Activity:
Shown below are entries with pictures; the line with "So it was very" through the line with "Thoracoscopy is indicated" is the span to retype exactly, and the pictures stay out.

Data records:
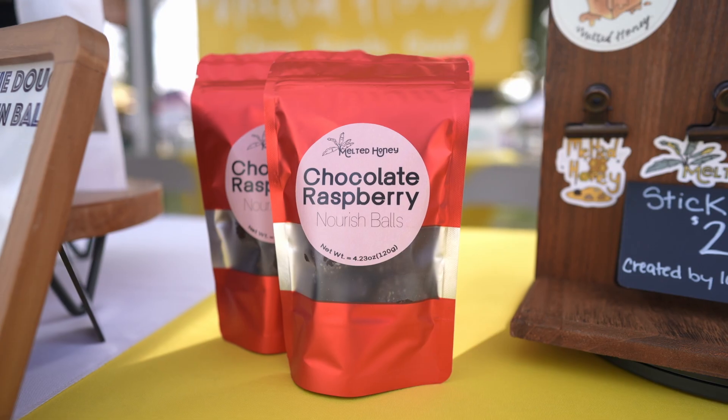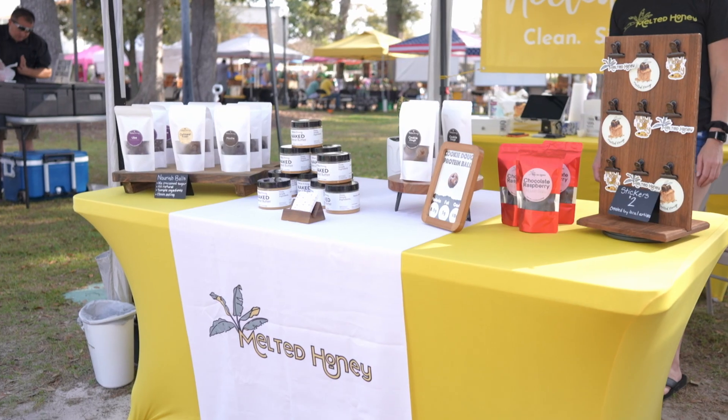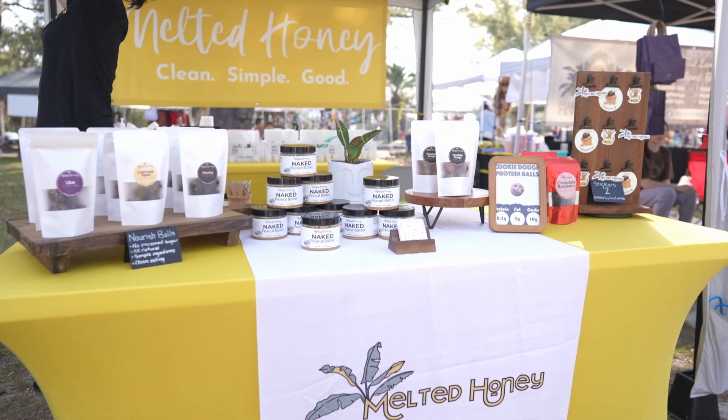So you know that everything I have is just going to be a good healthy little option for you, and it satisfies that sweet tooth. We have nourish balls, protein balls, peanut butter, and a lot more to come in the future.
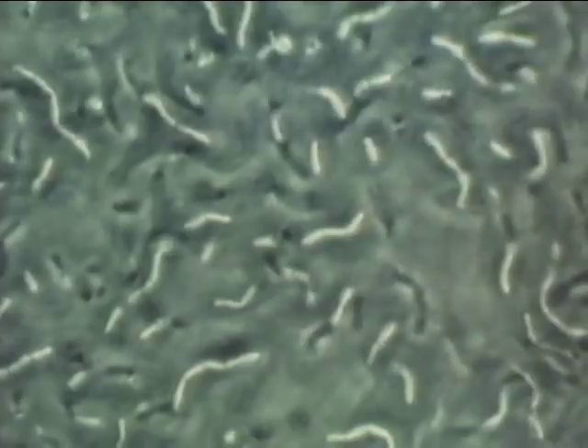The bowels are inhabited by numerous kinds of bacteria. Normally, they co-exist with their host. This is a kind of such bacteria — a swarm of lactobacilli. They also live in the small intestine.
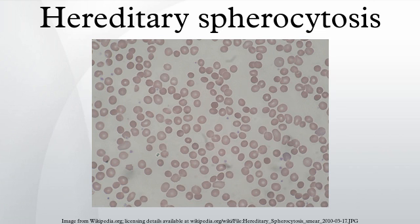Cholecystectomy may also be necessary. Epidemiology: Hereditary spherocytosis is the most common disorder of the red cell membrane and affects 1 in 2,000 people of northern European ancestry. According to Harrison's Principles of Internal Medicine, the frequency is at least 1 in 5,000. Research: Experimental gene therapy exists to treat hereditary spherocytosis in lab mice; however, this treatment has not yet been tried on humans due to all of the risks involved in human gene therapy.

* * *

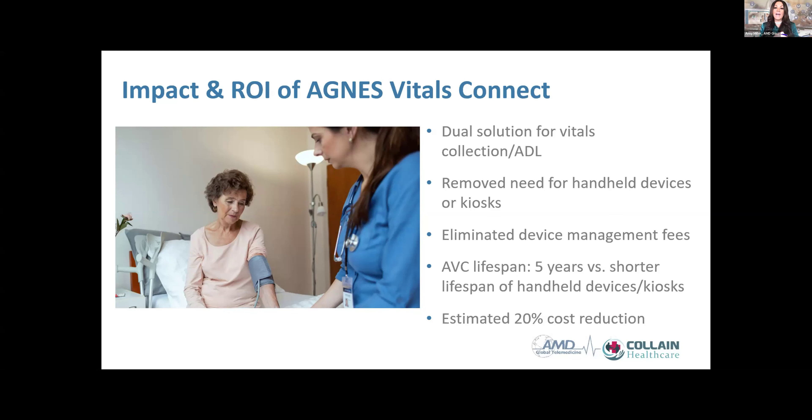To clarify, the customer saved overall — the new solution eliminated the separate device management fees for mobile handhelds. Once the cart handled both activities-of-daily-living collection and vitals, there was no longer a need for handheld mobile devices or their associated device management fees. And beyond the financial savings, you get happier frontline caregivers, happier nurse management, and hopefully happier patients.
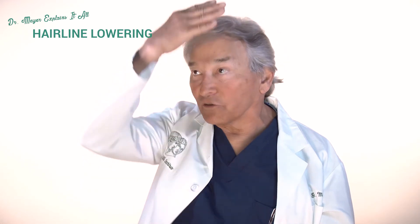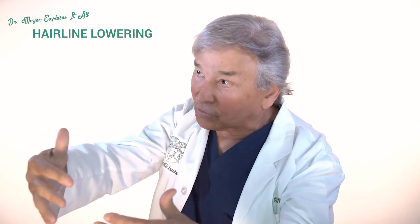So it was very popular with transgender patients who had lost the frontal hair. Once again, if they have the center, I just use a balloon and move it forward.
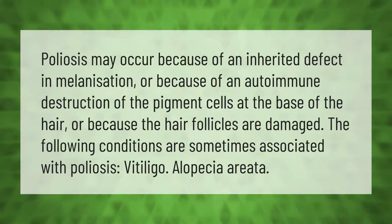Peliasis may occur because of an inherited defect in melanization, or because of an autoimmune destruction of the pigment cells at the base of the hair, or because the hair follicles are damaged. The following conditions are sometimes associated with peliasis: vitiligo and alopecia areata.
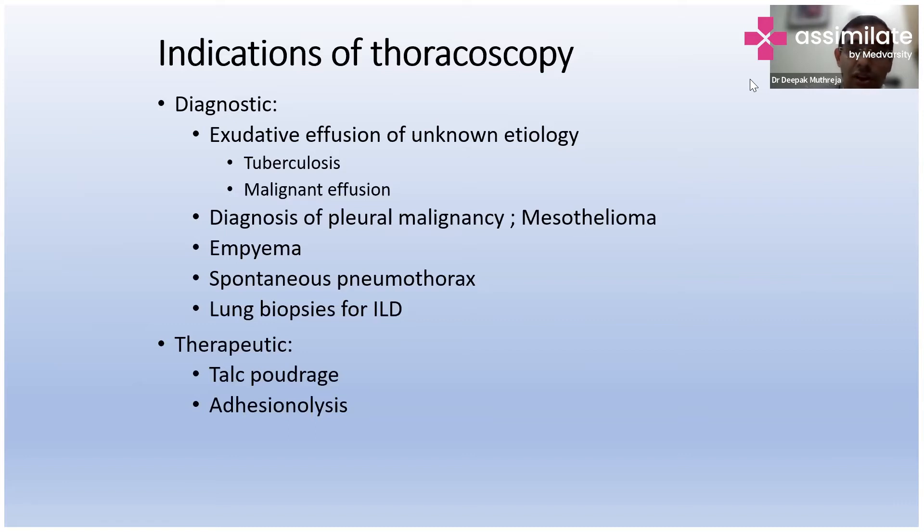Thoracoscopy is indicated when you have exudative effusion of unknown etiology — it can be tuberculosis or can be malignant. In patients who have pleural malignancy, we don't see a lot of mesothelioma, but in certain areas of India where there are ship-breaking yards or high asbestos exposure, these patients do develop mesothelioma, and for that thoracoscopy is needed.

Exercise result:
So it was very popular with transgender patients who had lost the frontal hair. Once again, if they have the center, I just use a balloon and move it forward.
Peliasis may occur because of an inherited defect in melanization, or because of an autoimmune destruction of the pigment cells at the base of the hair, or because the hair follicles are damaged. The following conditions are sometimes associated with peliasis: vitiligo and alopecia areata.
Thoracoscopy is indicated when you have exudative effusion of unknown etiology — it can be tuberculosis or can be malignant. In patients who have pleural malignancy, we don't see a lot of mesothelioma, but in certain areas of India where there are ship-breaking yards or high asbestos exposure, these patients do develop mesothelioma, and for that thoracoscopy is needed.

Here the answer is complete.